Records excerpted from a collection
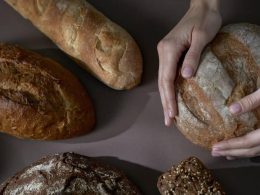 Какой хлеб самый полезный для здоровья?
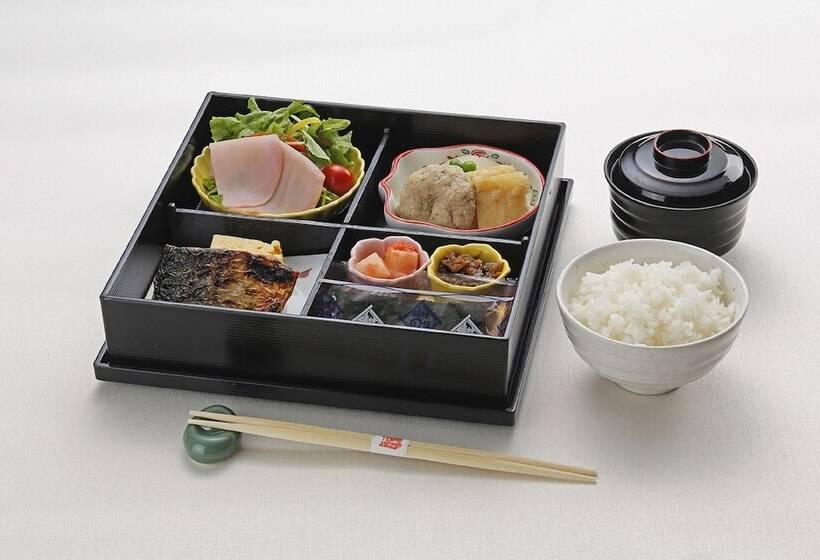 Fotos del hotel Ueno Terminal:  24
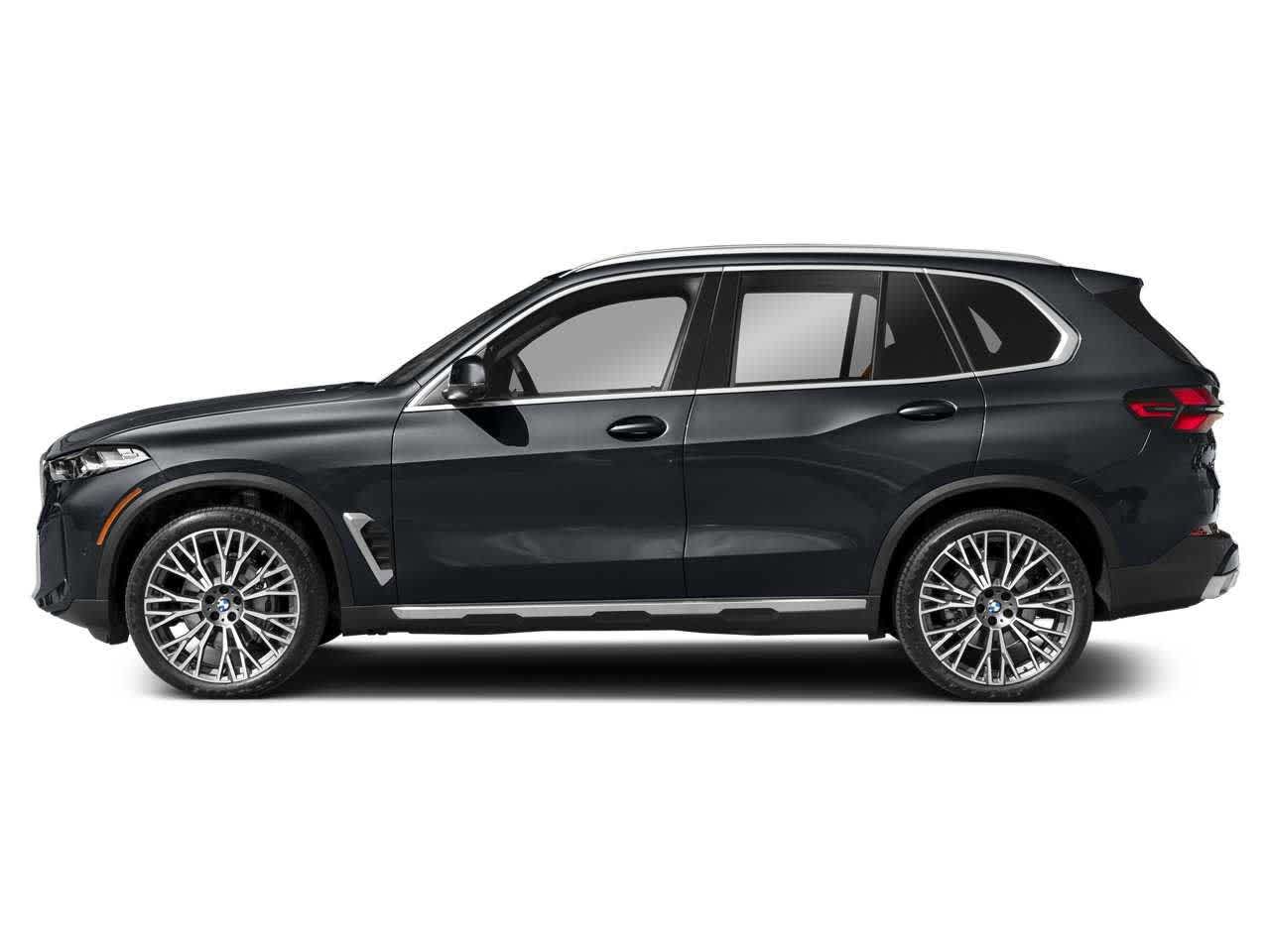 Thumbnail: 2025 BMW X5 - 3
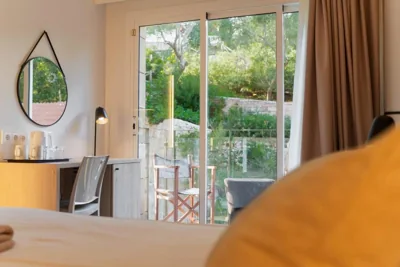 Minura Cala Galdana & Apartamentos d'Aljandar — foto 2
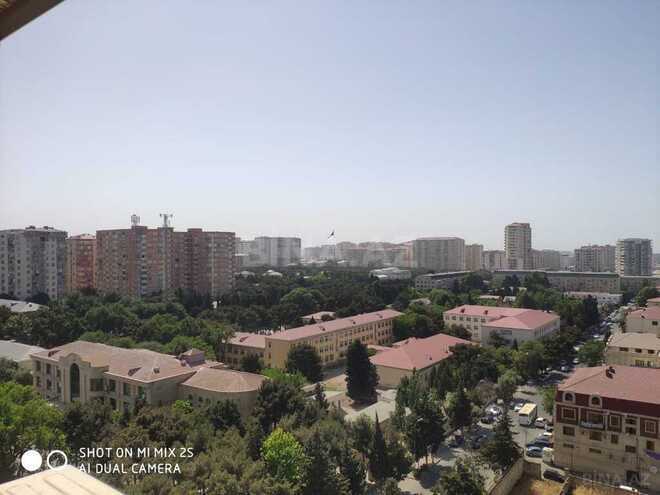 2-комн. новостройка - Хырдалан - 78.7 м² (11)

PROBLEM REQUIREMENTS: In the records above, find the line that contains "Fotos del hotel" and repeat exactly that line and all lines after it to the end. Do not include pictures.

ANSWER:
 Fotos del hotel Ueno Terminal:  24
 Thumbnail: 2025 BMW X5 - 3
 Minura Cala Galdana & Apartamentos d'Aljandar — foto 2
 2-комн. новостройка - Хырдалан - 78.7 м² (11)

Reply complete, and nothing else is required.